■ Your goal ■
From the data below, return only the lines from the one with "Snapshot of irinamaux" through the one with "Building Photo - 24727 Lake Basin Ct", exact and inclusive, with pictures left out.

■ Data provided ■
^^^^
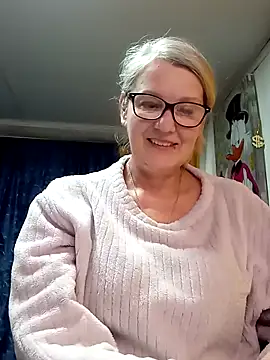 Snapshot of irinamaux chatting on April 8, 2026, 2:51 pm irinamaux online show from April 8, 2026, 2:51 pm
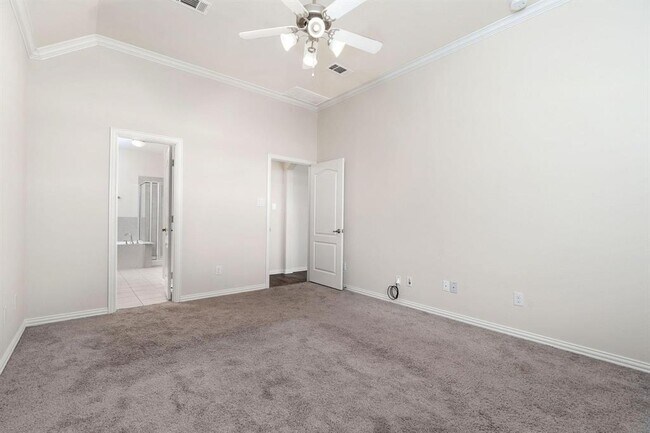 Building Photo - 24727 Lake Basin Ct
^^^^
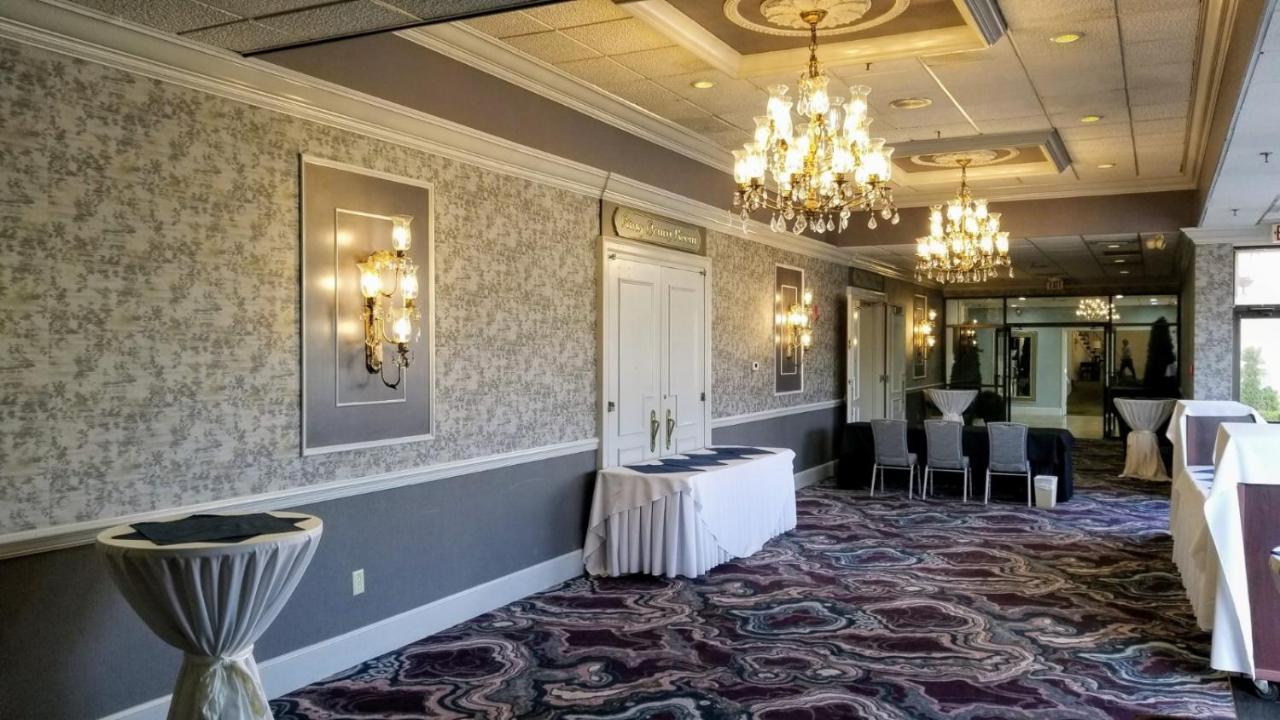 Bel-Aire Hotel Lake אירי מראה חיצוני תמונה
^^^^
■ Answer space ■
 Snapshot of irinamaux chatting on April 8, 2026, 2:51 pm irinamaux online show from April 8, 2026, 2:51 pm
 Building Photo - 24727 Lake Basin Ct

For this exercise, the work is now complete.